Understanding build pins and de-duplication in Conda Build 3.0+

Lnaden commented 6 years ago

Short Version: The full combinatorial number of builds are queued for un-pinned, non-python packages, despite the documentation saying that un-pinned, non-python packages will be de-duplicated.

I manage the build platform for several packages and we are in the process of converting our build script and packages from Conda Build 2 to 3. I am trying to understand the build variant system based on the docs on the main conda docs page and use the new API (conda_build.api) in my build environment. As I understand from the general pinning example (item 2), a build script which does not pin non-python packages should not have multiple variants in that package.

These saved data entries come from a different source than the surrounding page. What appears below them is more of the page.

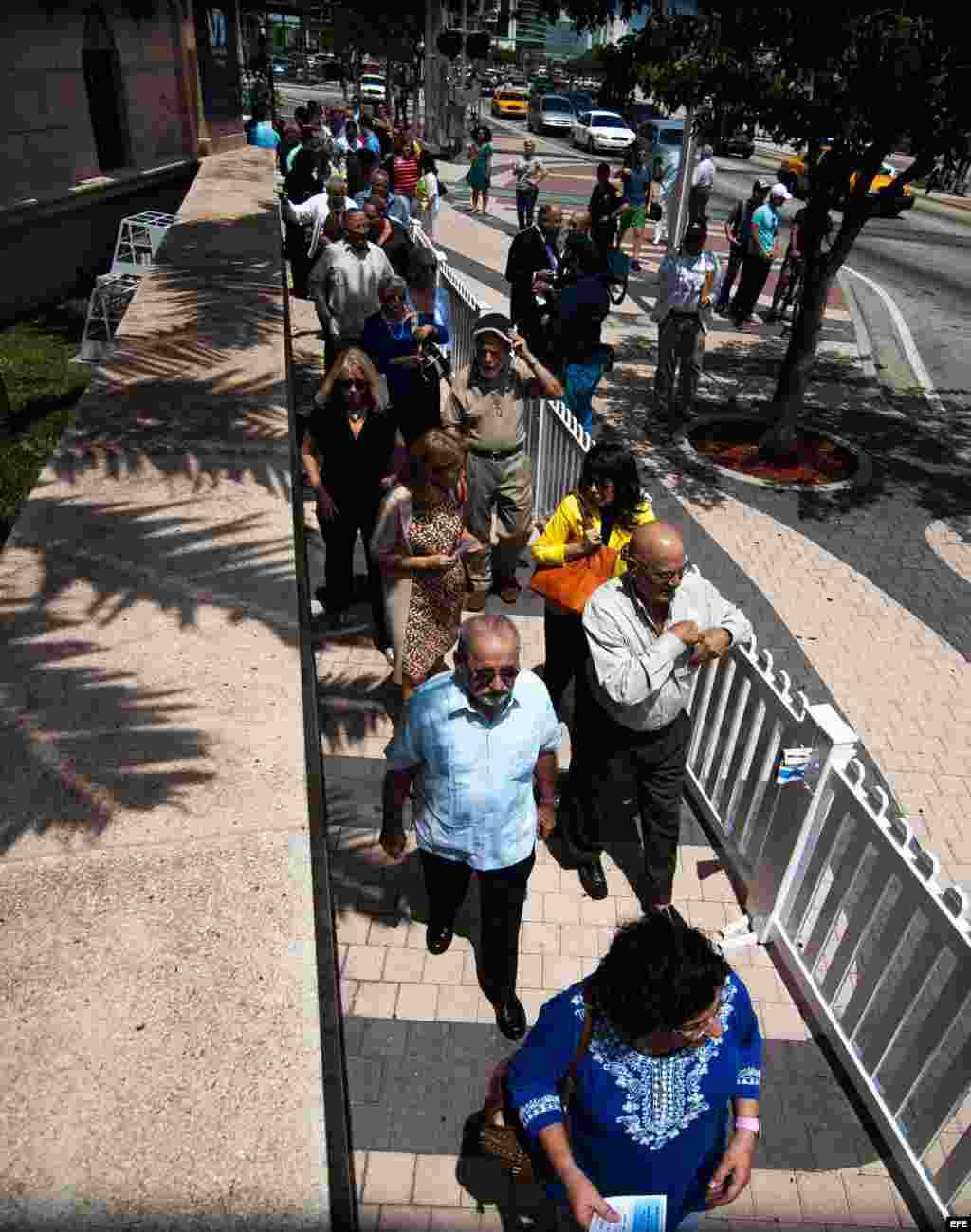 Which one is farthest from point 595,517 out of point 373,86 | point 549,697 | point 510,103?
point 373,86

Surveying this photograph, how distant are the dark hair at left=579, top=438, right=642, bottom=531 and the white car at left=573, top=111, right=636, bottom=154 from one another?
35.9 meters

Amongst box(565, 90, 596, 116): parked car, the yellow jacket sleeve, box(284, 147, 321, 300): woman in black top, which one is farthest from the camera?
box(565, 90, 596, 116): parked car

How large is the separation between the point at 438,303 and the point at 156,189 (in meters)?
11.6

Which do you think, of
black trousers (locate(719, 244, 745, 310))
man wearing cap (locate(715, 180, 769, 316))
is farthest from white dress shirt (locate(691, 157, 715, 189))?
man wearing cap (locate(715, 180, 769, 316))

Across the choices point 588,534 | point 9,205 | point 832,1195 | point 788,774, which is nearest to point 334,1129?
point 832,1195

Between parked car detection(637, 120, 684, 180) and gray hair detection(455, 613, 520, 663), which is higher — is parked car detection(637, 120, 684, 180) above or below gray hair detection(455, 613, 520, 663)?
below

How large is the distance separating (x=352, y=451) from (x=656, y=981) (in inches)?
145

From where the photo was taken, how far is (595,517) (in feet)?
13.9

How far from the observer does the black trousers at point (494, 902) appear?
3312mm

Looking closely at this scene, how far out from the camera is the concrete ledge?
208 cm

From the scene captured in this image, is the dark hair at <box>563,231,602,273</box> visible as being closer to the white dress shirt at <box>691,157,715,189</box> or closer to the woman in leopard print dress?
the woman in leopard print dress

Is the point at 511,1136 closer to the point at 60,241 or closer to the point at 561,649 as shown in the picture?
the point at 561,649

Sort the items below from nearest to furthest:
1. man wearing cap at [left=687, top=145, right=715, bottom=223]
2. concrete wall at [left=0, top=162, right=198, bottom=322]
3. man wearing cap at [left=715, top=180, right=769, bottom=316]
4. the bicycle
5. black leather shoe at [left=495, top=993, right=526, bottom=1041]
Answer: black leather shoe at [left=495, top=993, right=526, bottom=1041] < concrete wall at [left=0, top=162, right=198, bottom=322] < man wearing cap at [left=715, top=180, right=769, bottom=316] < the bicycle < man wearing cap at [left=687, top=145, right=715, bottom=223]

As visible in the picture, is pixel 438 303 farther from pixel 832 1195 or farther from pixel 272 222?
pixel 832 1195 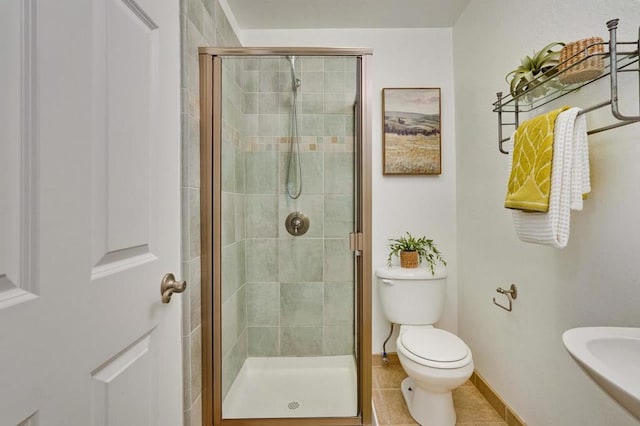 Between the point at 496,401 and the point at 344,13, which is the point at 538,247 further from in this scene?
the point at 344,13

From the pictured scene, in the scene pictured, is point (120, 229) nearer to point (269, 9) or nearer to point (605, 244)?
point (605, 244)

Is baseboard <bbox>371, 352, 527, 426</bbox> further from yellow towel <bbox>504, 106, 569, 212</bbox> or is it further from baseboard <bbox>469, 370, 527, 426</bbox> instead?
yellow towel <bbox>504, 106, 569, 212</bbox>

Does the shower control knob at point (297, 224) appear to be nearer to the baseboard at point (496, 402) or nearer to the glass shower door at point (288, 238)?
the glass shower door at point (288, 238)

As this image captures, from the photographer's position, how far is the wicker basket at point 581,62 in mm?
883

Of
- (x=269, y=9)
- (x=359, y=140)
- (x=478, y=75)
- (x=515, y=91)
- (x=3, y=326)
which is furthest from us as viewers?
(x=269, y=9)

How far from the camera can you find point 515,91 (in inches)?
46.2

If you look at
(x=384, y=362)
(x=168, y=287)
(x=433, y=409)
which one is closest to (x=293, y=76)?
(x=168, y=287)

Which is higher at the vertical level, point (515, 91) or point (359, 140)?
point (515, 91)

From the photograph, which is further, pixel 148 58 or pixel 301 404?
pixel 301 404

e.g.., for the sample meta.yaml here in the directory "simple":

package:
  name: simple
  version: 1.0.0

requirements:
  build:
    - python
    - numpy

  run:
    - python
    - numpy

and using the following conda-build API:

import conda_build.api

variants = {'python': ['2.7', '3.5', '3.6'], 'numpy': ['1.10', '1.11', '1.12']}
metas = conda_build.api.render("simple", variants=variants)
len(metas)

Actual Behavior

The length of metas is now 9 long, so there will be 9 meta packages that try to build.

Expected Behavior

I should get 3 metas which would give 3 builds because the Python versions are implicitly pinned, and the NumPy versions should not be, based on the docs in the links above.

However, when I execute this command, I get 9 total builds for each combinatorial Python/NumPy pair. The same is true if I change the build block to a host block instead. I will also get 9 builds if I use the conda build command line interface as

conda build -m variants.yaml simple

where the variants.yaml file is the YAML dictionary of the variants variable above

To quote the doc page from above:

This example demonstrates a particular feature: reduction of builds when pins are unnecessary. Since the example recipe above only requires the Python API to numpy, we will only build the package once and the version of numpy will not be pinned at runtime to match the compile-time version.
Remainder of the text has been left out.